Com base no Relatório Justiça em Números 2026 (ano-base 2025), Fachin destacou o aumento da litigiosidade e a morosidade processual entre os principais desafios do Judiciário. De acordo com o levantamento, a duração dos processos continua sendo um dos maiores obstáculos para a efetividade da prestação jurisdicional.
Plano de trabalho
Na primeira reunião, os membros do grupo discutiram a elaboração do plano de ação, a definição da metodologia e a preparação do edital que orientará a coleta de contribuições externas. Também foram destruídos os prazos das atividades.

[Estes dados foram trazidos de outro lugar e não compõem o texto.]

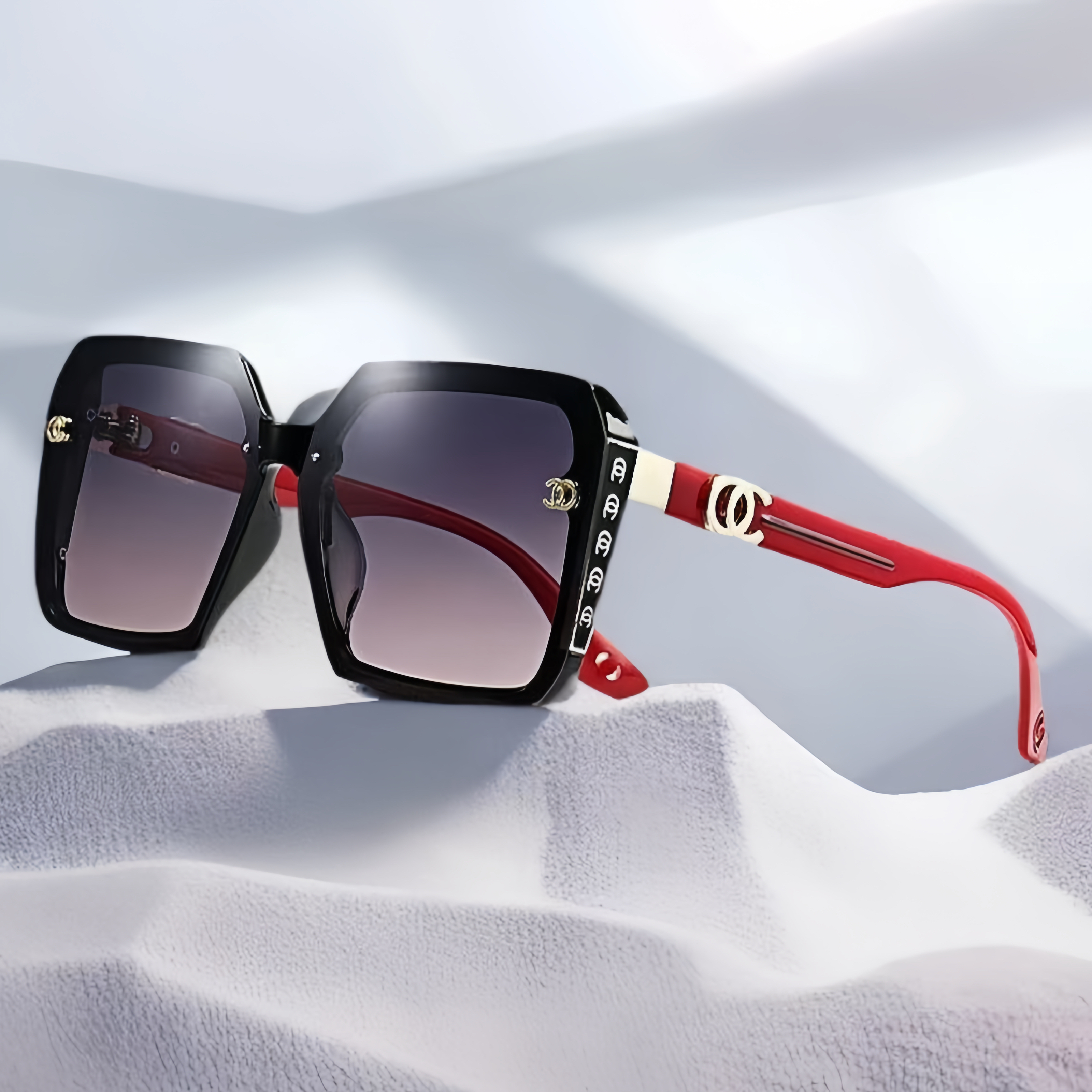 时尚个性大框复古防紫外线墨镜显脸小高清偏光太阳镜送礼盒套装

O limite para a conclusão dos trabalhos foi estabelecido em 19 de dezembro, último dia do calendário forense do ano. Fachin, no entanto, propôs que a conclusão das contribuições principais seja concluída até 15 de novembro, data da Proclamação da República.
Temas em discussão
Entre os temas que poderão integrar a agenda do grupo estão simplificação processual, redução da litigiosidade excessiva, transformação digital do Judiciário, governança da inteligência artificial, modernização das carreiras e da gestão judiciária, fortalecimento da integridade institucional, ampliação da transparência pública, proteção dos direitos fundamentais e promoção de maior estabilidade jurídica para o desenvolvimento econômico e social do país.

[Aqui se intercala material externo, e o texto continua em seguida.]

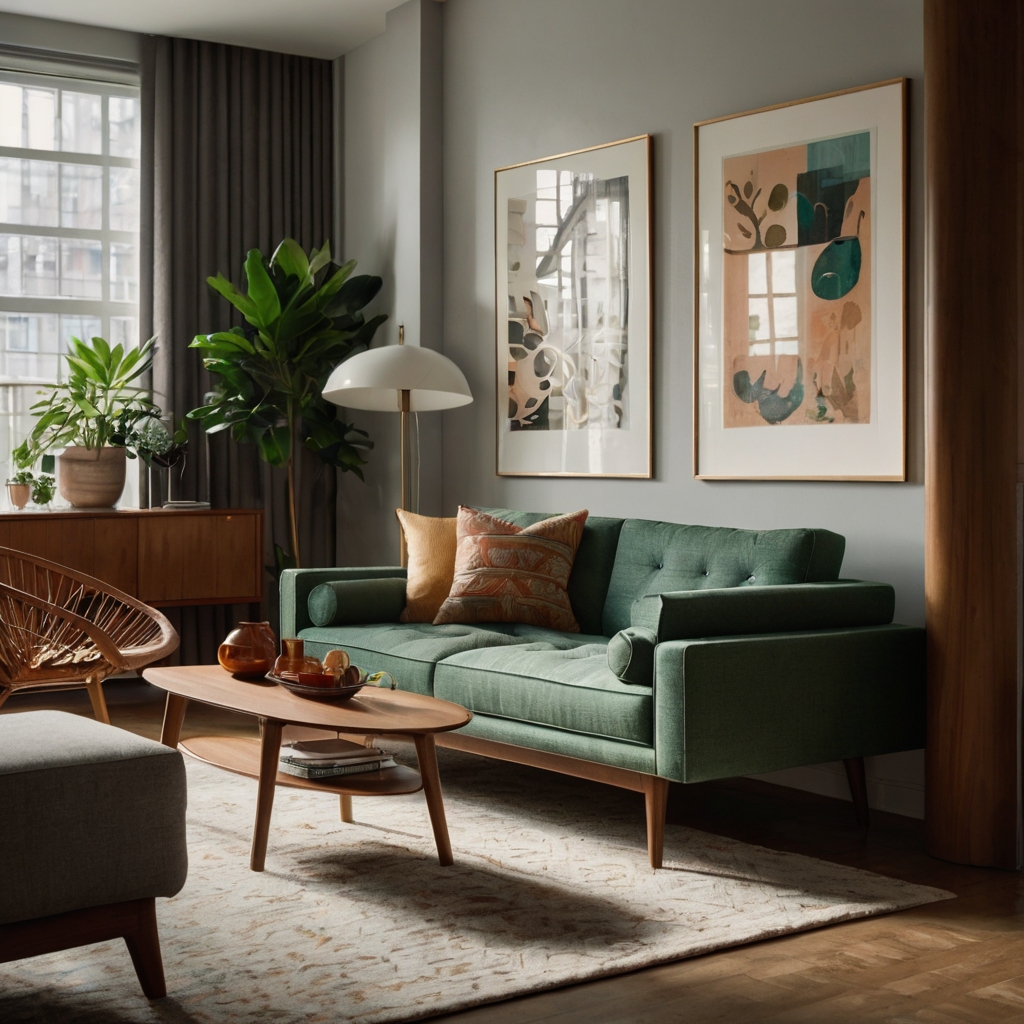 Mid-century modern apartment featuring multi-functional furniture, blending functionality with style.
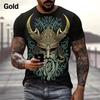 Summer Viking Warrior Graphic 3d Printed Men's T-shirt Nordic Style Plus Size Loose Comfortable Breathable Top Xs-6xl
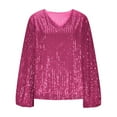 thumbnail image 3 of T Shirts for Women Womens Sequin Top Red Long Sleeve Sparkly Outfits for Women Shiny Tops Evening Tops Sparkly Holiday Tops for Women, 3 of 4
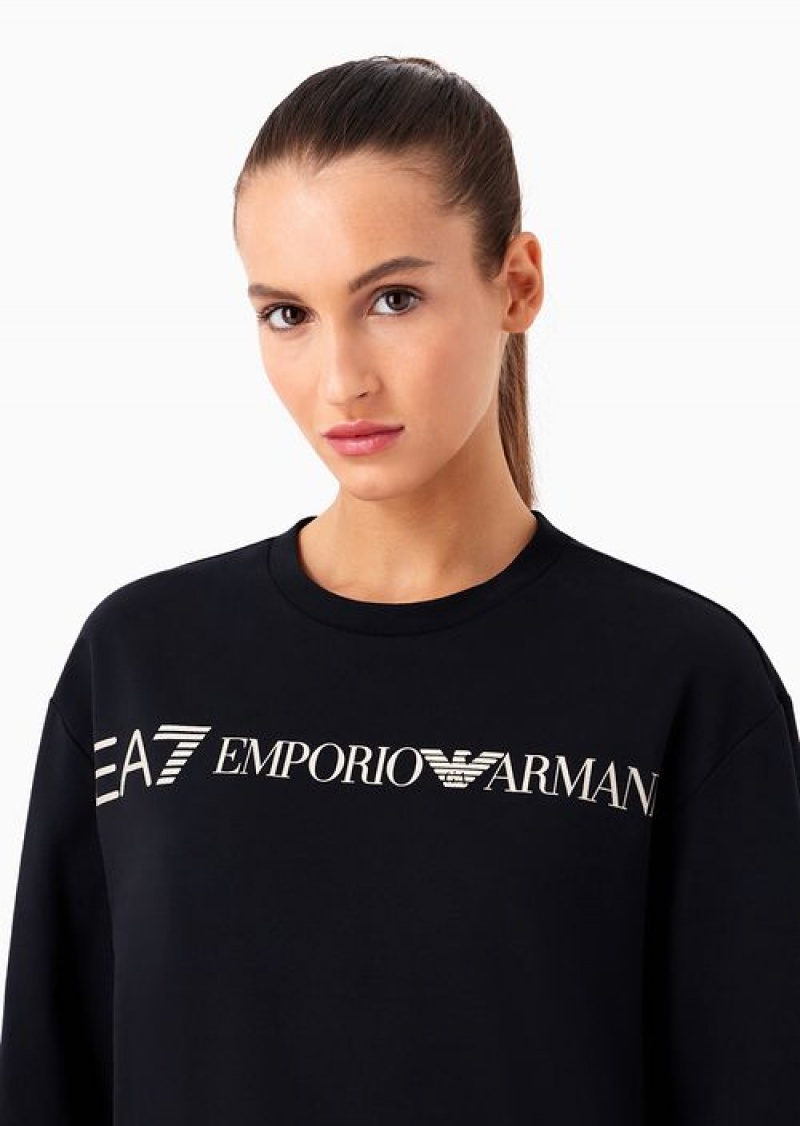 Black 1 Emporio Armani Stretch-cotton Tracksuit With Logo | EA7-SN59616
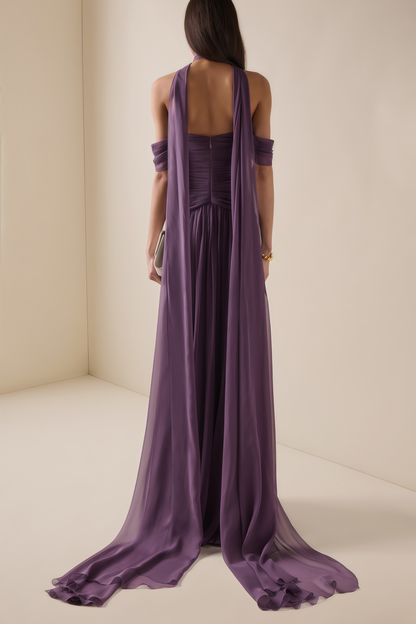 Annabelle Purple Off Shoulder Ruched Maxi Dress with Twist Front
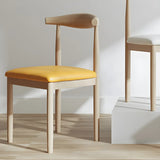 Faux Leather Linen Open Low Back Dining Side Chair Image - 19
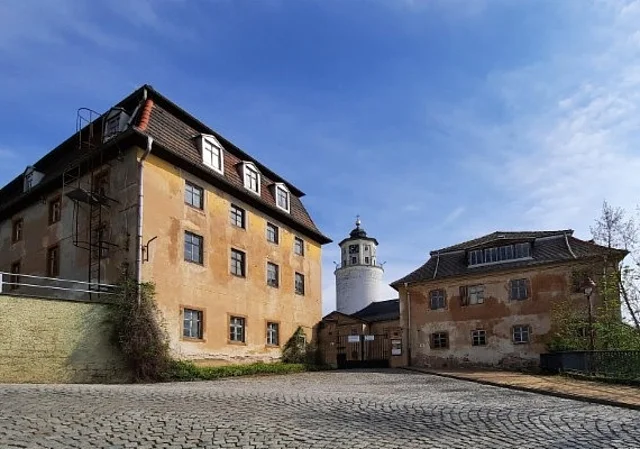 Schlossberg Blick auf Schloss Crossen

Os trabalhos deverão identificar problemas estruturais, avaliar boas práticas nacionais e internacionais e apresentar medidas capazes de aperfeiçoar a prestação jurisdicional, fortalecer a segurança jurídica e ampliar a confiança da sociedade nas instituições.

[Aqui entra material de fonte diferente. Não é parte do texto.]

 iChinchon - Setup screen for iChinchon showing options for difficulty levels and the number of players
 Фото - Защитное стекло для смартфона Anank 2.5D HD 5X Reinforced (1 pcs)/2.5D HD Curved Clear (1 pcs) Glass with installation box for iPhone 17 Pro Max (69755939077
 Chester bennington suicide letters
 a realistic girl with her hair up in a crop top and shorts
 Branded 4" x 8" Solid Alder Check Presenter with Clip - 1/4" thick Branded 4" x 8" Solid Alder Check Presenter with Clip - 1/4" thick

No final do ano, o grupo deverá apresentar relatório com propostas que poderão resultar em anteprojetos de emenda à Constituição, lei complementar, lei ordinária ou resoluções dos órgãos competentes.
Visão de futuro
Para o presidente do STF, o desafio não se limita a modernizar estruturas e procedimentos, mas envolve a construção de um sistema de Justiça mais humano, inovador, eficiente, transparente e comprometido com os valores da democracia constitucional.
Segundo Fachin, mais do que uma iniciativa voltada ao presente, o grupo tem potencial de oferecer uma visão estratégica para as próximas décadas, contribuindo para que o sistema de Justiça brasileiro permaneça fiel aos valores constitucionais da democracia, da igualdade, da eficiência e da dignidade da pessoa humana.
Composição
Após a abertura, os membros fizeram as manifestações iniciais. O grupo é presidido pelo professor da Universidade de São Paulo (USP) Fernando Scaff e tem como relator ou desembargador federal do Tribunal Regional Federal da 1ª Região (TRF-1) Ney Bello.
Também integram o colegiado o corregedor nacional de Justiça, Mauro Campbell Marques; os ministros do Superior Tribunal de Justiça (STJ) Gurgel de Faria e do Tribunal Superior do Trabalho (TST) Kátia Arruda; a presidente da Associação dos Magistrados Brasileiros (AMB), Vanessa Mateus; a presidente da Associação dos Juízes Federais do Brasil (Ajufe), Ana Lya Ferraz; a procuradora federal da Advocacia-Geral da União (AGU) Manuellita Hermes; a defensora pública-geral do Estado de São Paulo, Luciana Jordão; os professores José Levi Mello do Amaral Júnior, Vera Karam de Chueiri, Ana Paula de Barcellos e Ingo Wolfgang Sarlet; o advogado Sérgio Rabello Renault; o conselheiro federal da OAB-PR Cássio Lisandro Telles; secretária de Altos Estudos, Pesquisas e Gestão da Informação do STF, Christine Peter; e o promotor de Justiça do Ministério Público do Distrito Federal e Territórios (MPDFT), José Theodoro Corrêa de Carvalho.